La livre britannique a brièvement plongé vendredi au début des échanges en Asie, des courtiers perplexes évoquant des raisons techniques, sur fond de craintes d'un "Brexit dur" ravivées par des propos du président français François Hollande.
Peu après 08H00 à Tokyo (jeudi à 23H00 GMT), la livre sterling a ponctuellement chuté à 1,1841 dollar, soit un nouveau plus bas depuis 1985. Elle valait deux heures plus tôt 1,2614 dollar, soit un décrochage brutal de 6,1%.
A l'égard de l'euro, elle a connu un plongeon similaire: la monnaie unique a atteint 94,15 pence au même moment, un niveau inédit depuis début 2009, contre 88,42 pence à 21H00 GMT.
La livre a toutefois effacé rapidement une bonne partie de sa dégringolade et, vers 16H50 GMT, elle valait 1,2444 dollar et 89,74 pence pour un euro.
Le ministre britannique des Finances Philip Hammond a mis ce plongeon, sur le compte de facteurs techniques en cette période de grande "volatilité" sur les marchés.
Les autorités monétaires veulent de leur côté y voir plus clair, la Banque d'Angleterre (BoE) ayant déclaré à l'AFP "examiner ce qu'il s'est passé" sur la livre, qui n'avait pas été aussi secouée depuis l'annonce des résultats du référendum du 23 juin sur le Brexit.

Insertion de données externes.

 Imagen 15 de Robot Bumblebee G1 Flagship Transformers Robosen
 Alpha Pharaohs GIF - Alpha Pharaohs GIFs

Le gouverneur de la BoE Mark Carney a dans le même temps demandé à la Banque des règlements internationaux (BRI), considérée comme la "banque des banques centrales", d'enquêter.
Le mouvement de défiance a touché également la dette britannique, les investisseurs vendant leurs obligations, ce qui a fait monter les taux d'emprunt. Le marché boursier a résisté en revanche: la Bourse de Londres a terminé en hausse de 0,63%, tandis que Francfort et Paris perdaient du terrain mais sans excès.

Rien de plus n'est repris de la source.